The Cuban rights group Cubalex filed a habeas corpus petition on Monday for dissident artist Luis Manuel Otero Alcántara, 38, who was removed from Guanajay prison last week and whose location the government has not disclosed [1]. Authorities pulled him two days before his five-year sentence officially expired on July 9, and, as Cubalex put it, "neither Alcántara's friends nor activist organizations know exactly where the artist is or what his legal status is" [1].
The petition, filed by an organization that legally advises dissidents from outside the island, asks a court to confirm he "is not being illegally deprived of his liberty" [1]. On its X account, Cubalex framed the case not as a paperwork delay but as an active disappearance, writing that the action comes "amid a critical situation of vulnerability and lack of protection" [1]. That social-facing alert treats the silence as the alarm and effectively starts a response clock the state has yet to answer.

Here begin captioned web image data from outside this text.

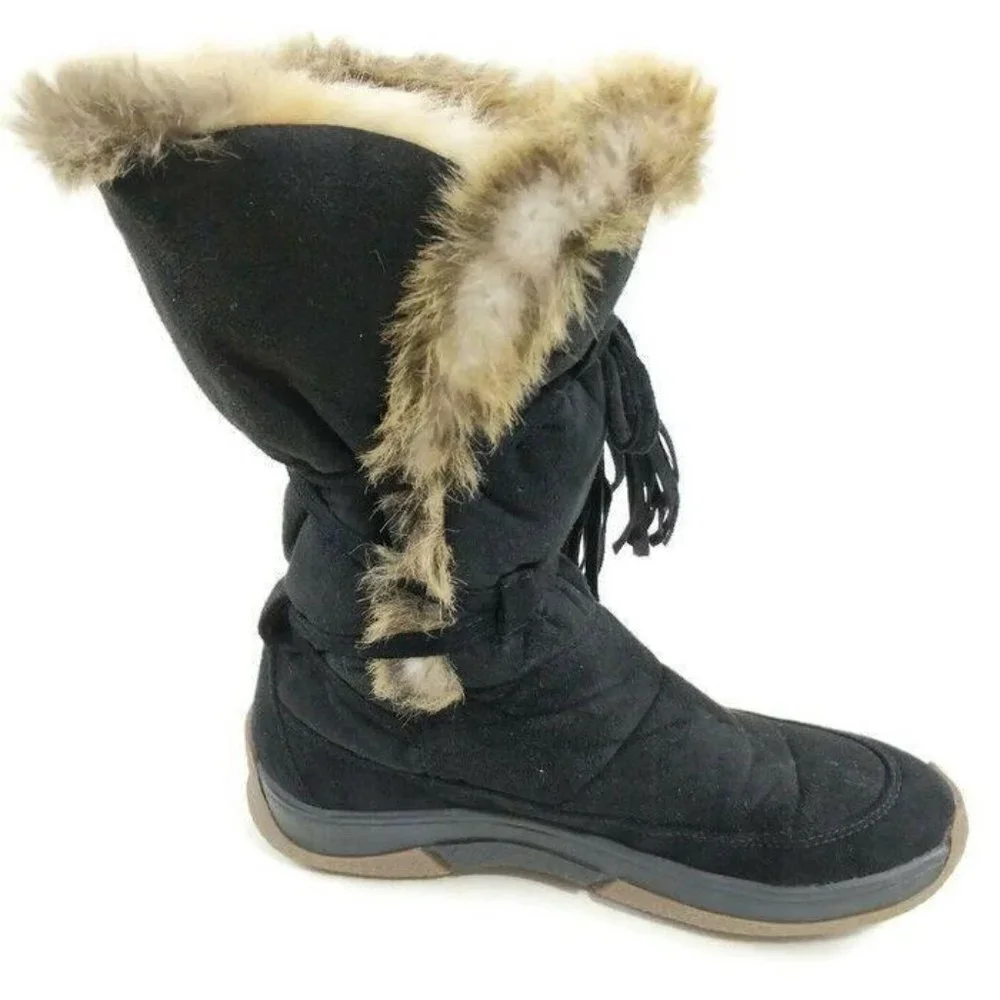 Pajar Winter Boots Womens US 7 7.5 EUR‎ 38 Black Mid Calf Fur Lined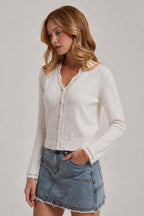 LACE TRIMMED BUTTON FRONT CARDIGAN_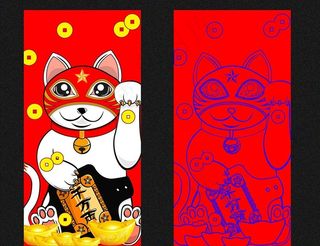 千万两招财猫手机壳图案图片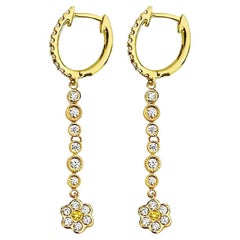 Italian Designer 18 Karat Gold Flower Diamond Earrings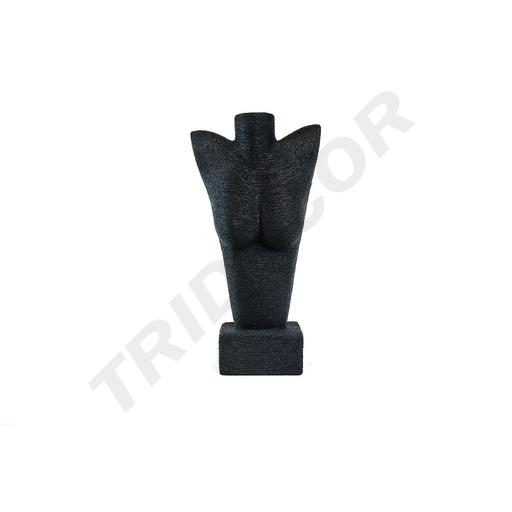[009855] Présentoir à bijoux en forme de buste recouvert de corde noire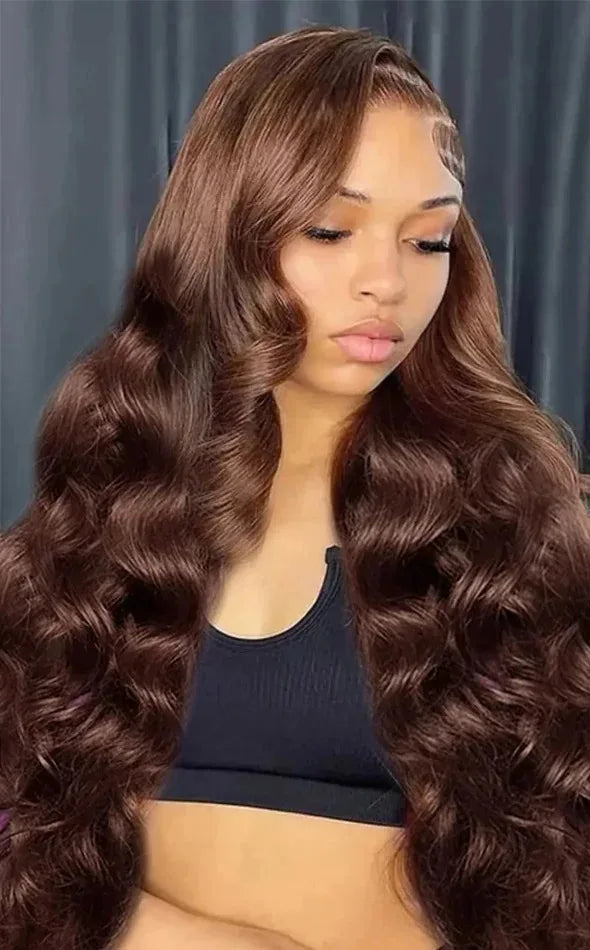 26+ Inch Body Wave Human Hair Lace Front Wig – French Lace, Transparent Color, Long & Luxurious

AP reports the same facts more narrowly: it verifies the filing and the uncertainty, but records no government statement and no independently confirmed whereabouts [1]. The gap between the two framings is the whole story. Amnesty International has designated Alcántara a political prisoner since his July 2021 arrest at anti-blackout protests; Havana rejects that label, having sentenced him in 2022 for public disorder and contempt [1]. His fate could still echo activist José Daniel Ferrer, who in October 2025 left prison and went straight to the United States [1] — but until a court answers the petition, release and forced disappearance remain equally unproven.